◆ DATA EXTRACT:
******

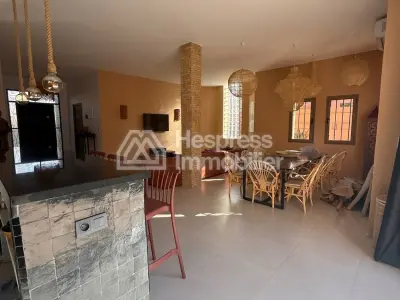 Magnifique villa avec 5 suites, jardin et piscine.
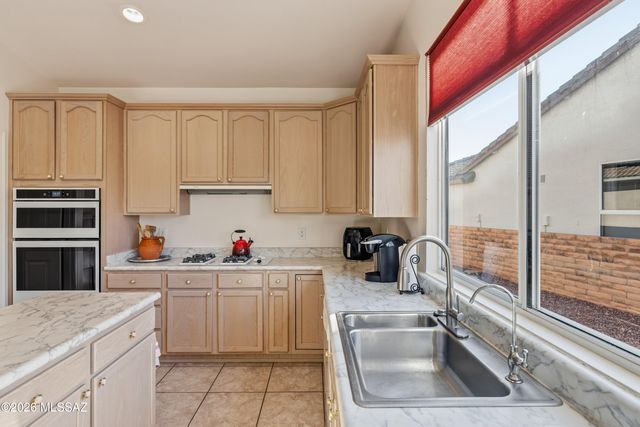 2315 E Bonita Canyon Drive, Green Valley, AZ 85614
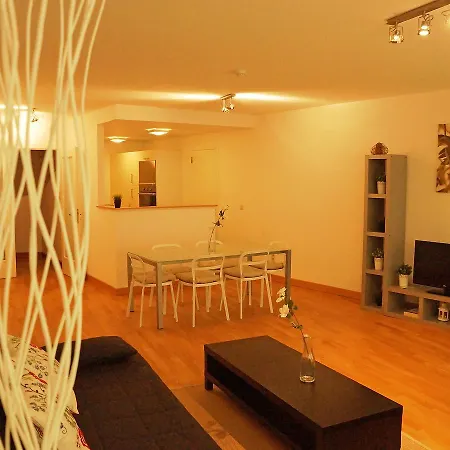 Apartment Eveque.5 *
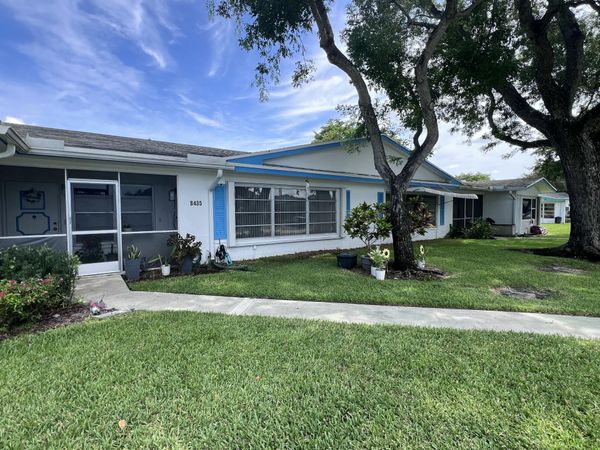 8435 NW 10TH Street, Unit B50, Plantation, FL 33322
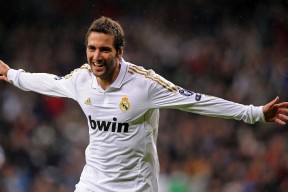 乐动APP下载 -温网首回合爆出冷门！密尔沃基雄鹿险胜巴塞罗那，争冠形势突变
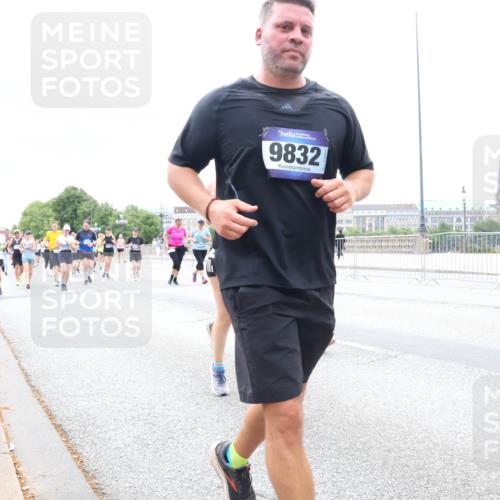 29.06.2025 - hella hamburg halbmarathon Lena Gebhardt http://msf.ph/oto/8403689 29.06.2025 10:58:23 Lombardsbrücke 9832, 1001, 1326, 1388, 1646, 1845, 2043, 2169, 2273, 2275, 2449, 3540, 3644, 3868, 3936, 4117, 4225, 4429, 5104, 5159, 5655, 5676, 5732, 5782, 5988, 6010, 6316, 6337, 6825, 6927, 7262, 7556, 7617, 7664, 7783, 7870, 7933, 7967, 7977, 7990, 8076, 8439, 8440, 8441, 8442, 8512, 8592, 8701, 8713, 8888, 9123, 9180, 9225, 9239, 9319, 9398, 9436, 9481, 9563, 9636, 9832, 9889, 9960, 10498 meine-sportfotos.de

******

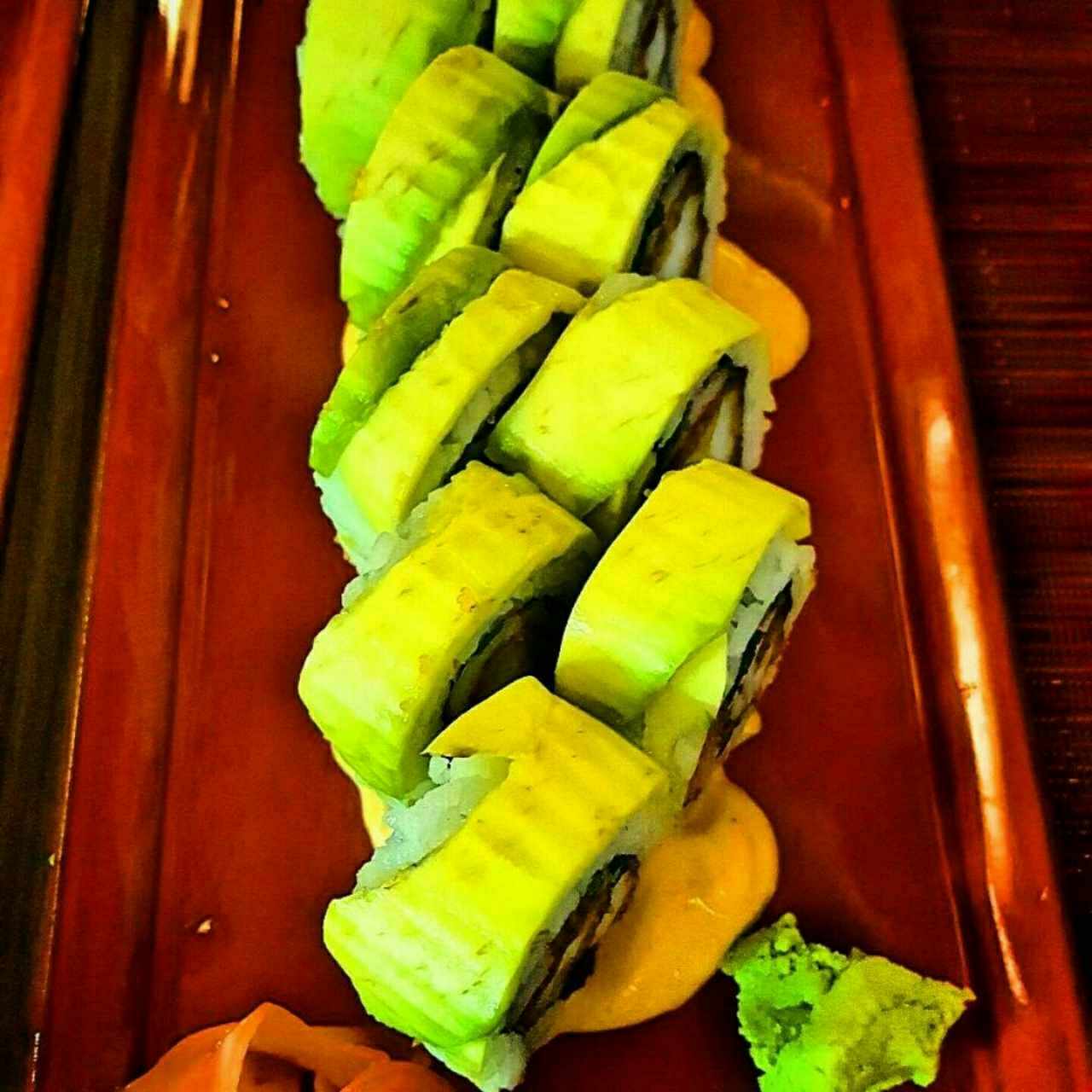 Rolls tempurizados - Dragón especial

******

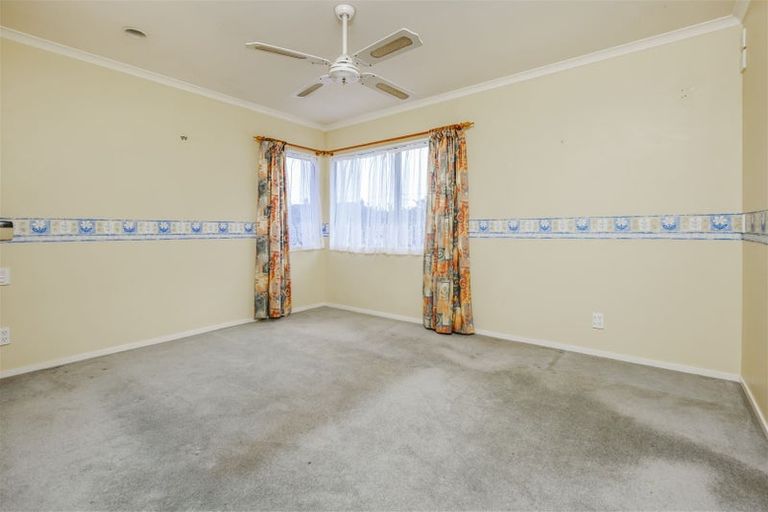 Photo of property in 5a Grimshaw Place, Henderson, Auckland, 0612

******

◆ YOUR OBJECTIVE:
Beginning with the line holding "Magnifique villa avec" in the material above, restate word for word each line through the line holding "29.06.2025 - hella", and exclude pictures.

◆ FINISHED EXERCISE:
 Magnifique villa avec 5 suites, jardin et piscine.
 2315 E Bonita Canyon Drive, Green Valley, AZ 85614
 Apartment Eveque.5 *
 8435 NW 10TH Street, Unit B50, Plantation, FL 33322
 乐动APP下载 -温网首回合爆出冷门！密尔沃基雄鹿险胜巴塞罗那，争冠形势突变
 29.06.2025 - hella hamburg halbmarathon Lena Gebhardt http://msf.ph/oto/8403689 29.06.2025 10:58:23 Lombardsbrücke 9832, 1001, 1326, 1388, 1646, 1845, 2043, 2169, 2273, 2275, 2449, 3540, 3644, 3868, 3936, 4117, 4225, 4429, 5104, 5159, 5655, 5676, 5732, 5782, 5988, 6010, 6316, 6337, 6825, 6927, 7262, 7556, 7617, 7664, 7783, 7870, 7933, 7967, 7977, 7990, 8076, 8439, 8440, 8441, 8442, 8512, 8592, 8701, 8713, 8888, 9123, 9180, 9225, 9239, 9319, 9398, 9436, 9481, 9563, 9636, 9832, 9889, 9960, 10498 meine-sportfotos.de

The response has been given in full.